Work instructions: Extract the run of lines that starts at the top of the records below and ends at the line with "Stereo Sports In-ear", keeping both ends and excluding pictures.

Captioned web image data:
______________________________

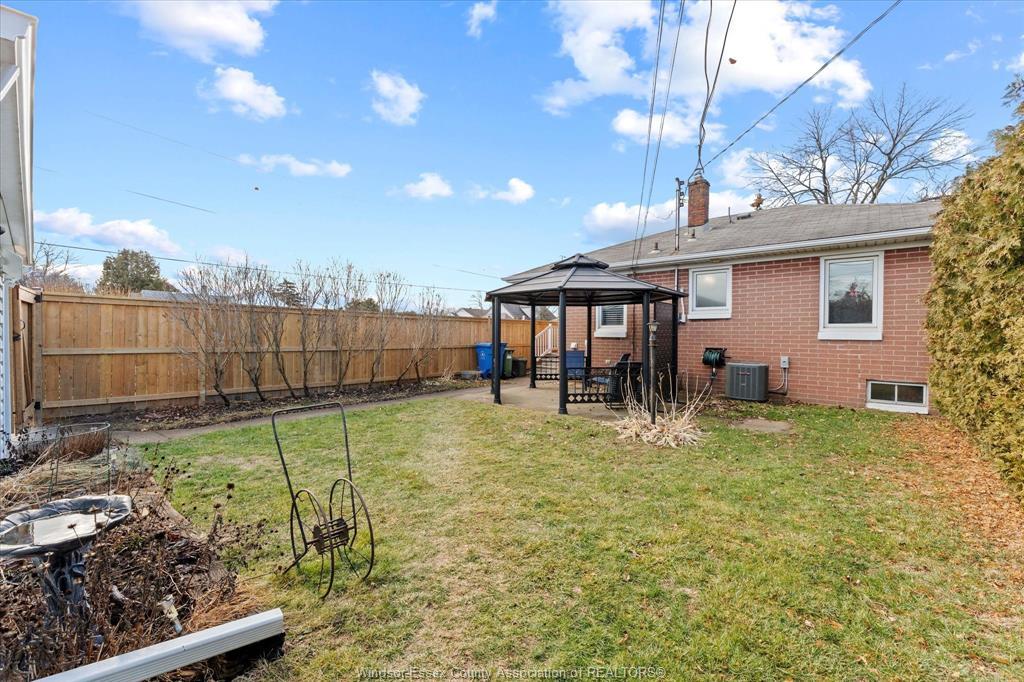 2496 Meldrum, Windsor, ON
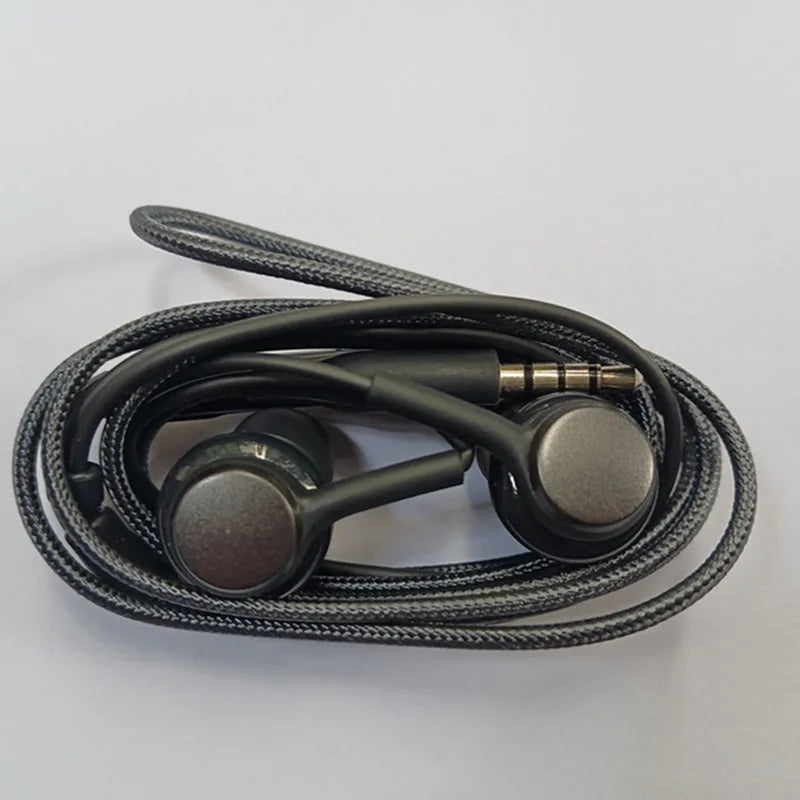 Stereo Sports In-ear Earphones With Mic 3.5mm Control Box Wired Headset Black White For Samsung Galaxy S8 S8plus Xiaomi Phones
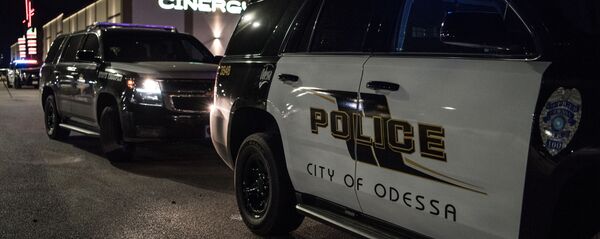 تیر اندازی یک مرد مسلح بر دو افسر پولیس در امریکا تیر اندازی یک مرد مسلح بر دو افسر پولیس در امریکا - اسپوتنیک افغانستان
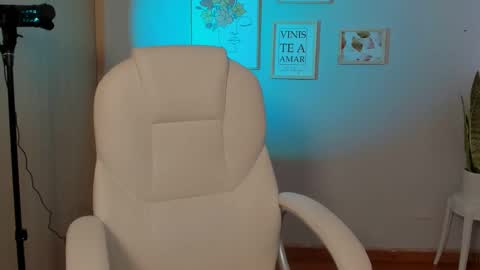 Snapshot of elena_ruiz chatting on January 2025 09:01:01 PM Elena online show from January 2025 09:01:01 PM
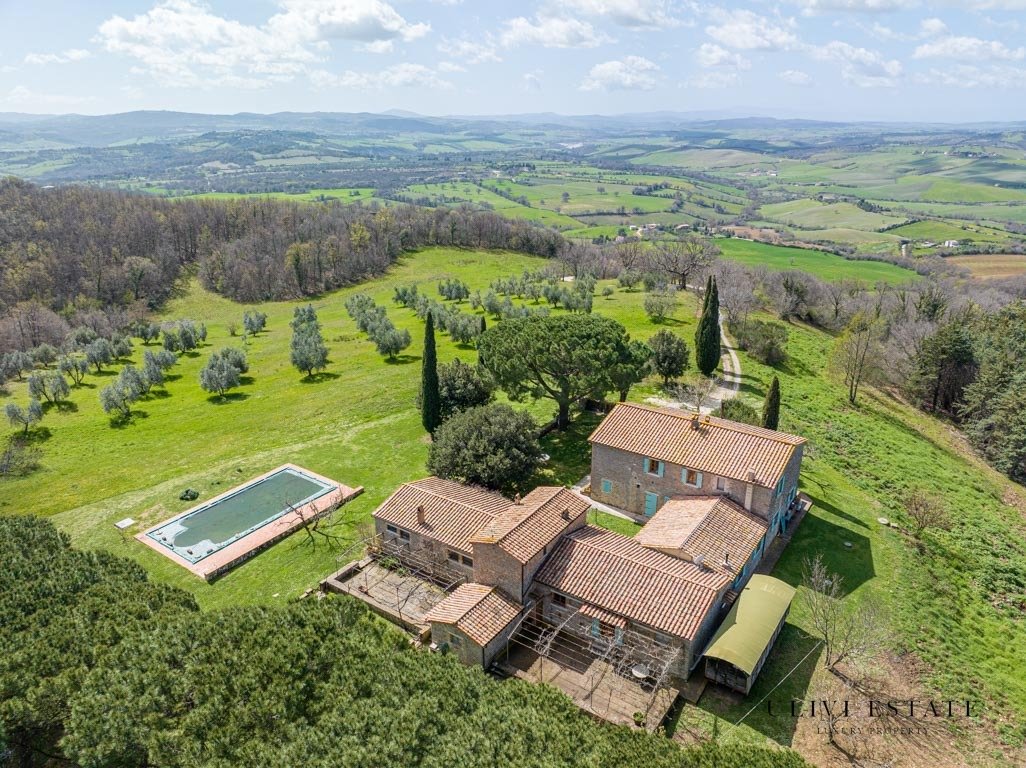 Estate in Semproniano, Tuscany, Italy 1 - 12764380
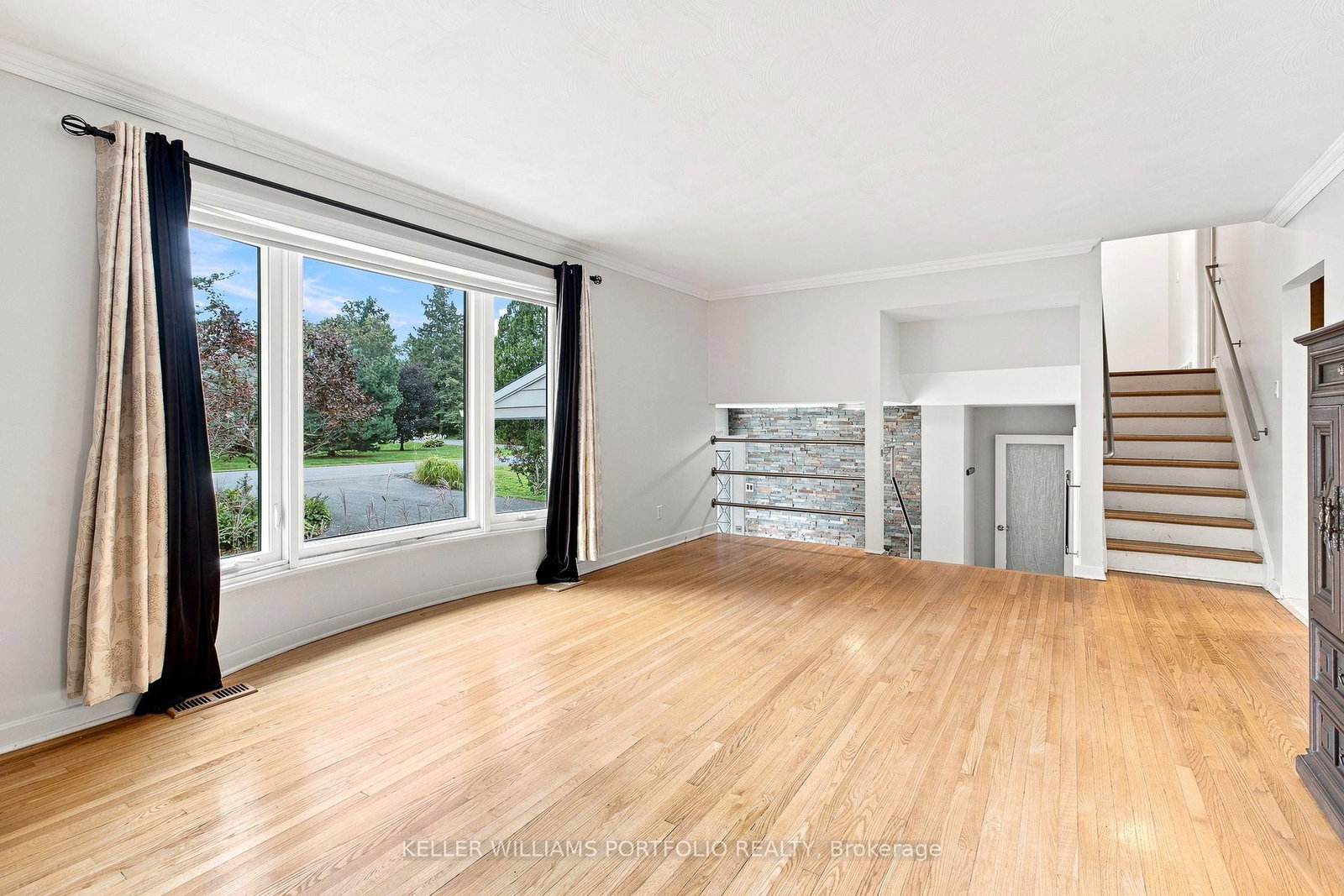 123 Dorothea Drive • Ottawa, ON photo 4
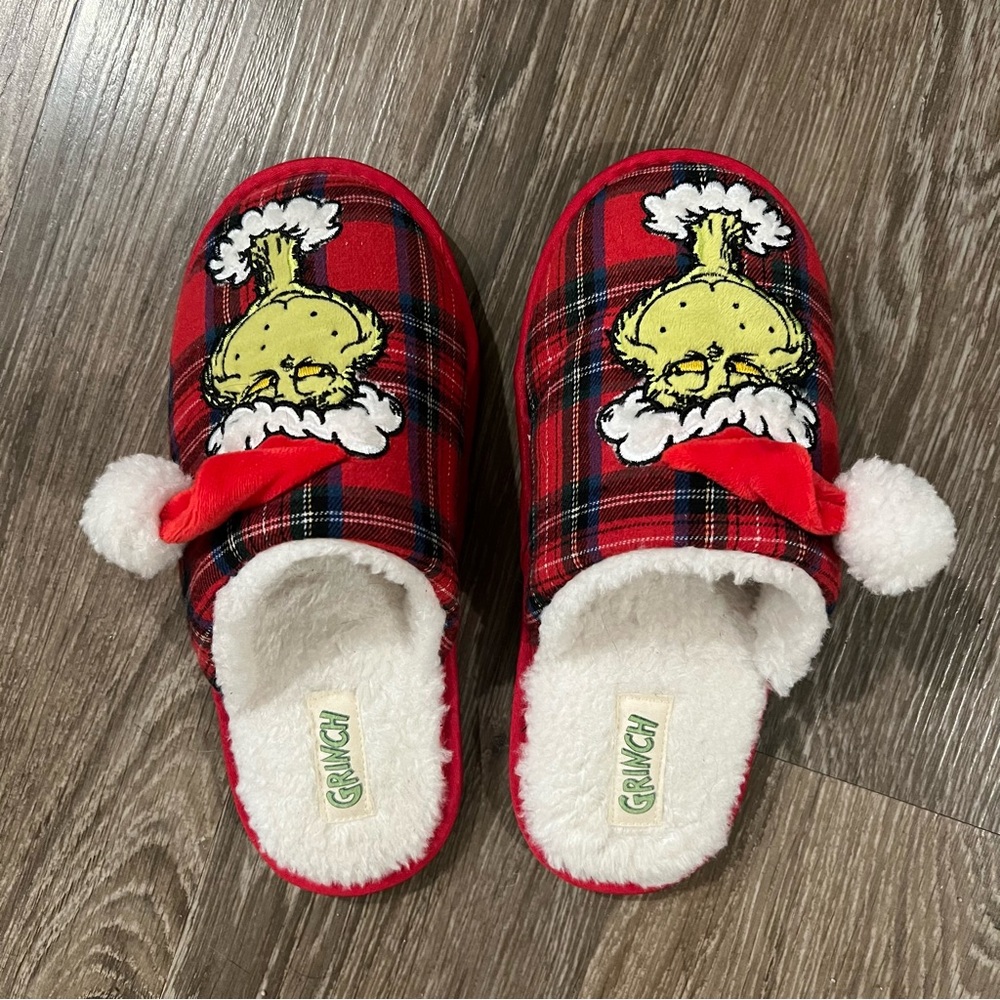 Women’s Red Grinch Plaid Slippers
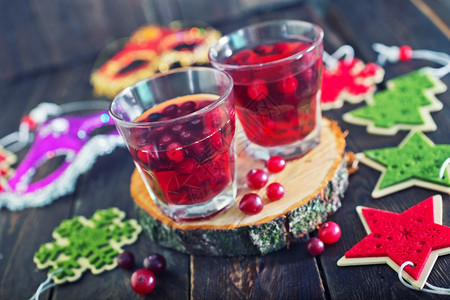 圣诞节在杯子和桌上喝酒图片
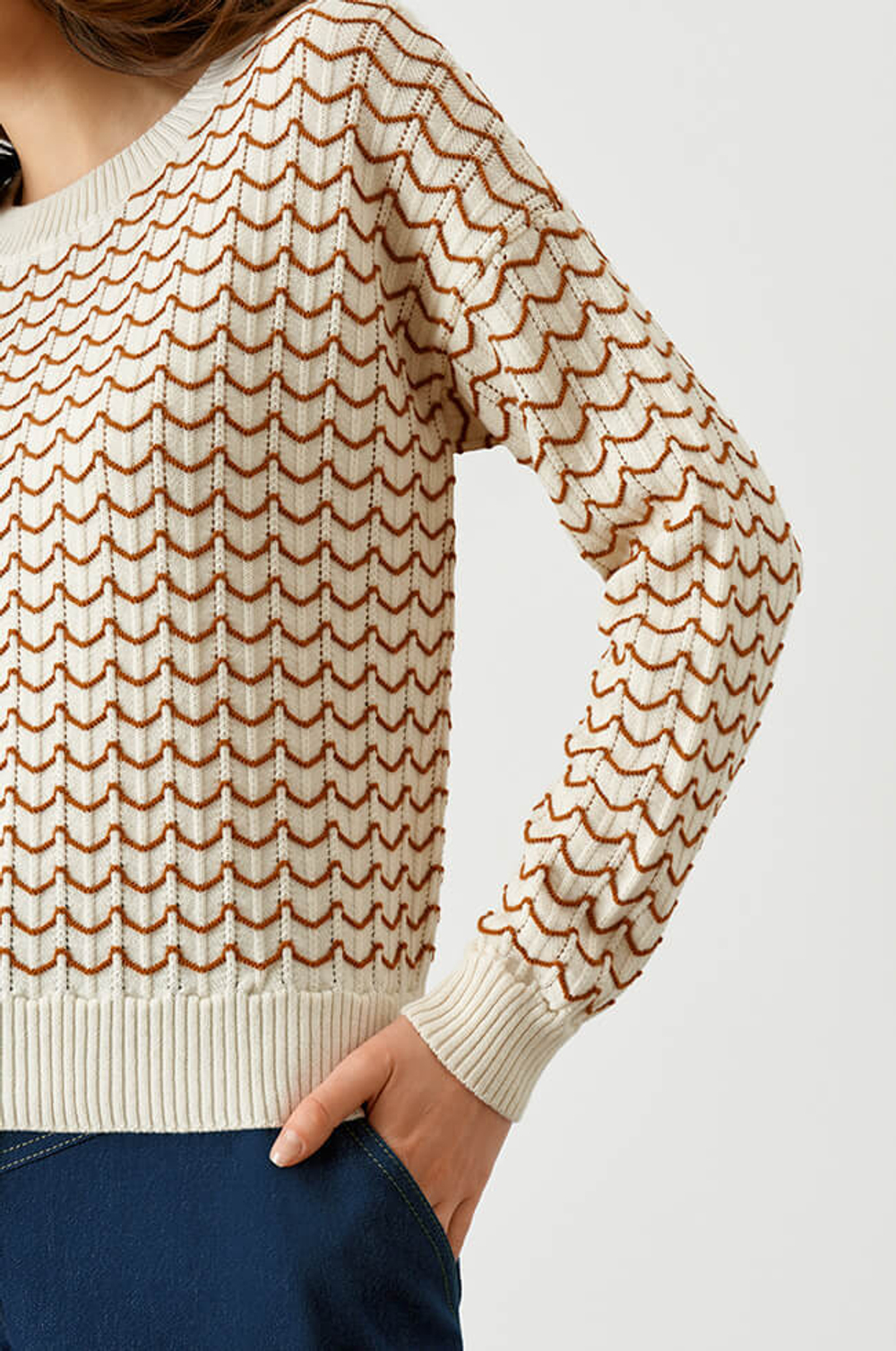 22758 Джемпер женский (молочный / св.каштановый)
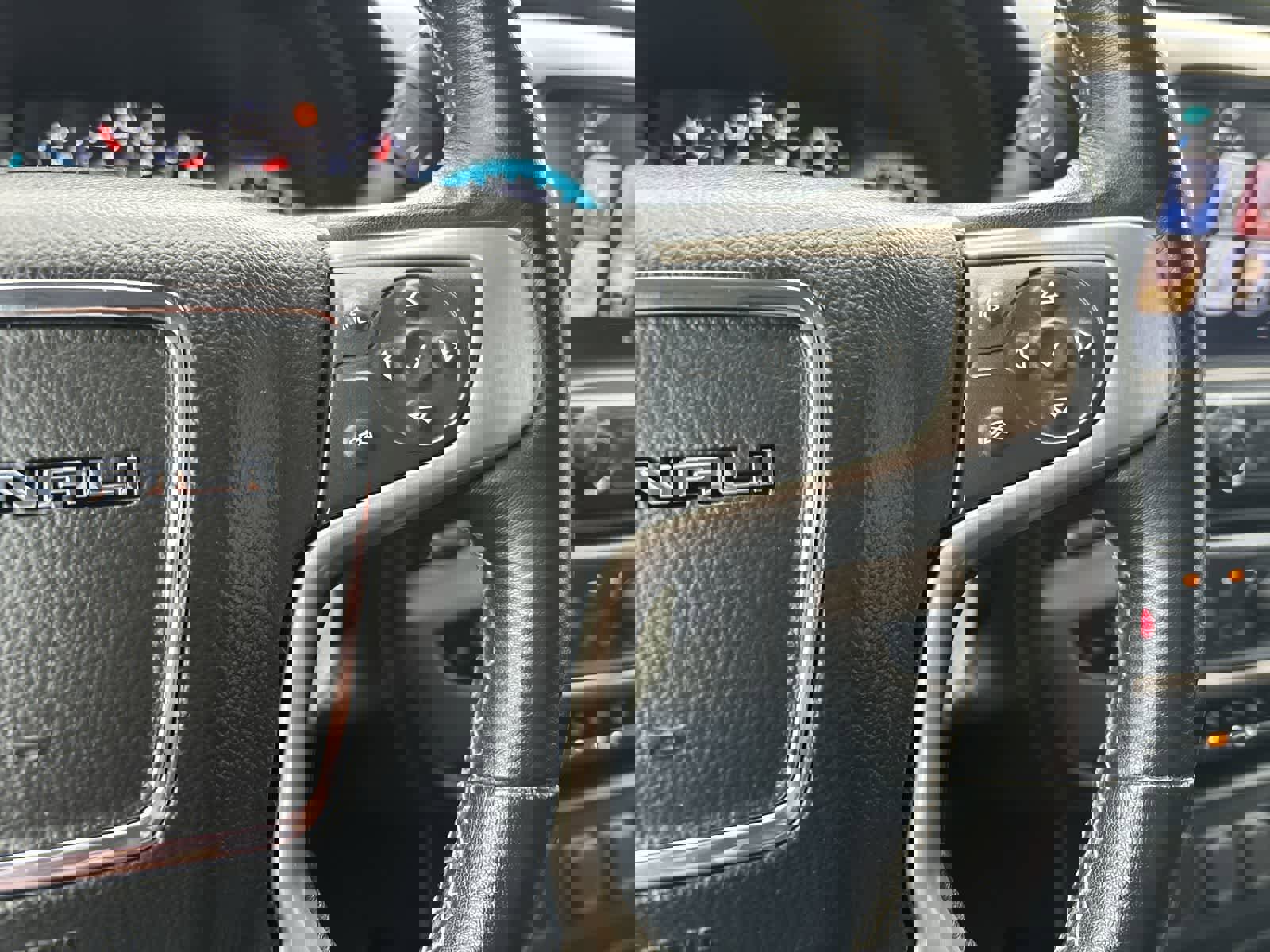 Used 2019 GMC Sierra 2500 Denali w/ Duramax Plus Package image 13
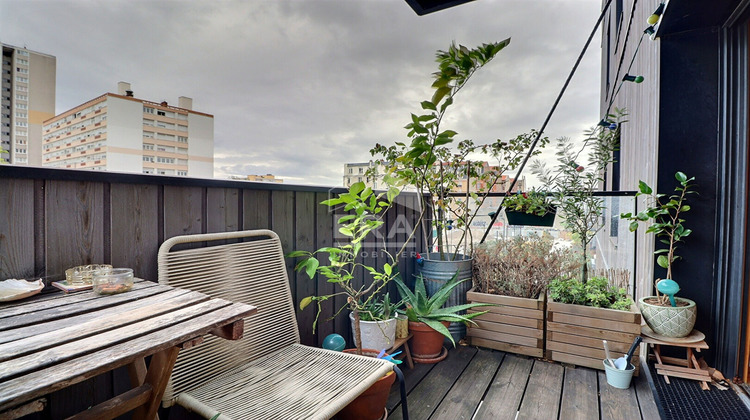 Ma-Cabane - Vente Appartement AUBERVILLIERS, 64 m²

______________________________

Task response:
 2496 Meldrum, Windsor, ON
 Stereo Sports In-ear Earphones With Mic 3.5mm Control Box Wired Headset Black White For Samsung Galaxy S8 S8plus Xiaomi Phones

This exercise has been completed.